Return the listing below unchanged, minus its pictures.

**Data block**:
# # # # # # #

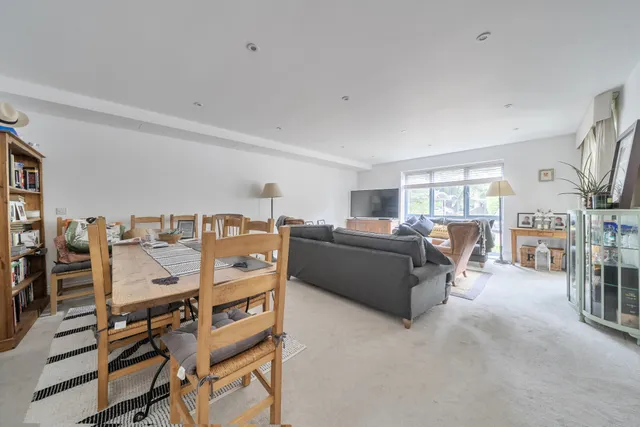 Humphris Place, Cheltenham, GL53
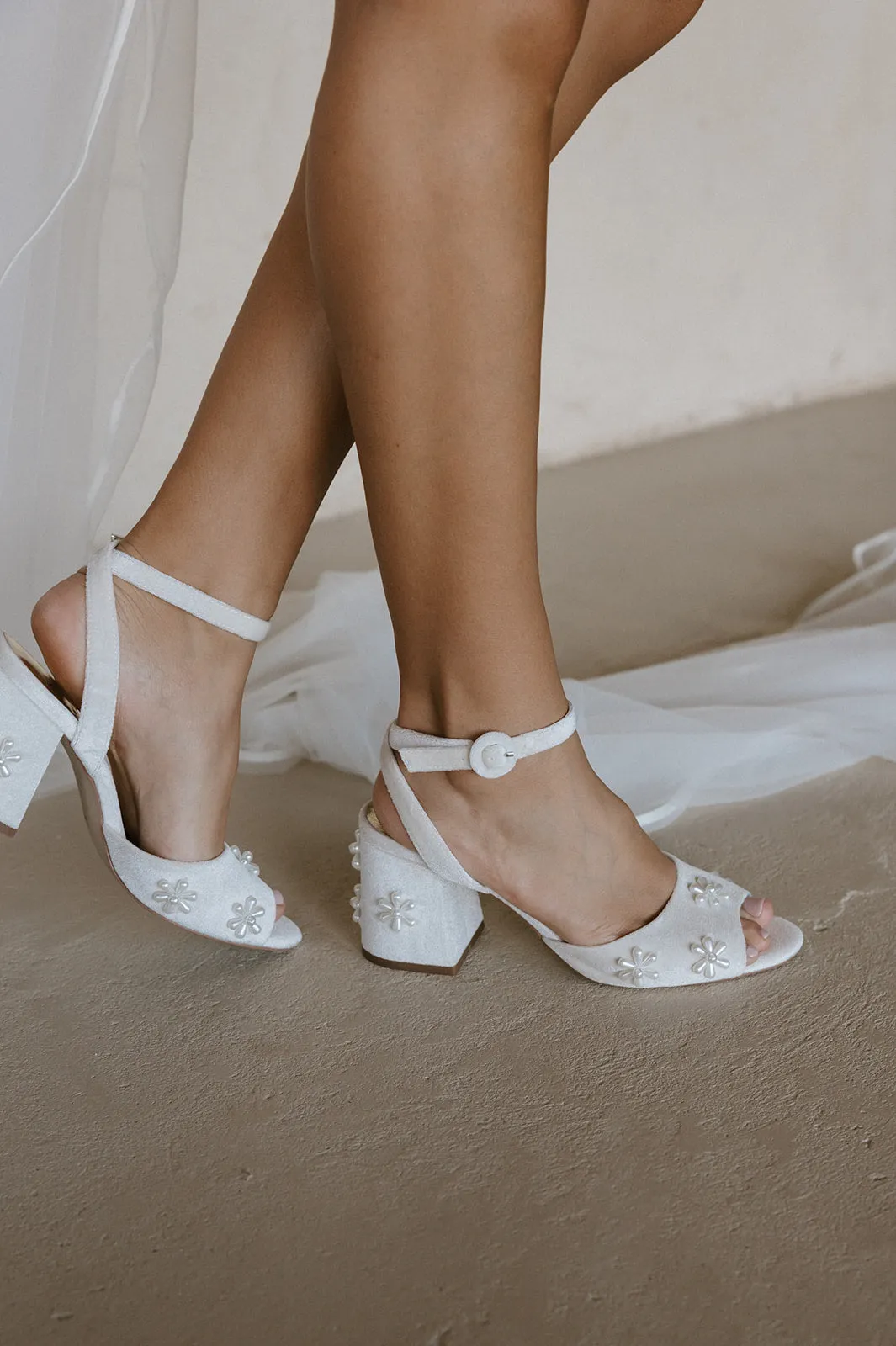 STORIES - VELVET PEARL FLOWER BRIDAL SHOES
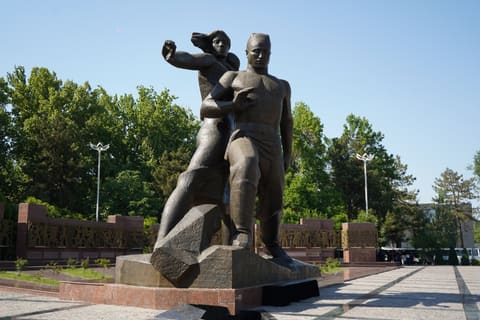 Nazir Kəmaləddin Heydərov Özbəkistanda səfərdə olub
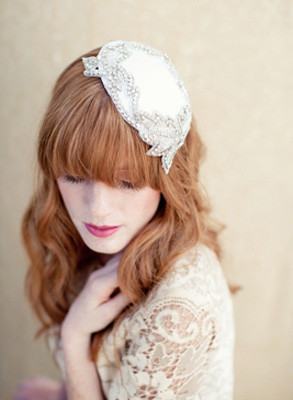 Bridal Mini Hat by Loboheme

# # # # # # #

**Answer to the problem**:
 Humphris Place, Cheltenham, GL53
 STORIES - VELVET PEARL FLOWER BRIDAL SHOES
 Nazir Kəmaləddin Heydərov Özbəkistanda səfərdə olub
 Bridal Mini Hat by Loboheme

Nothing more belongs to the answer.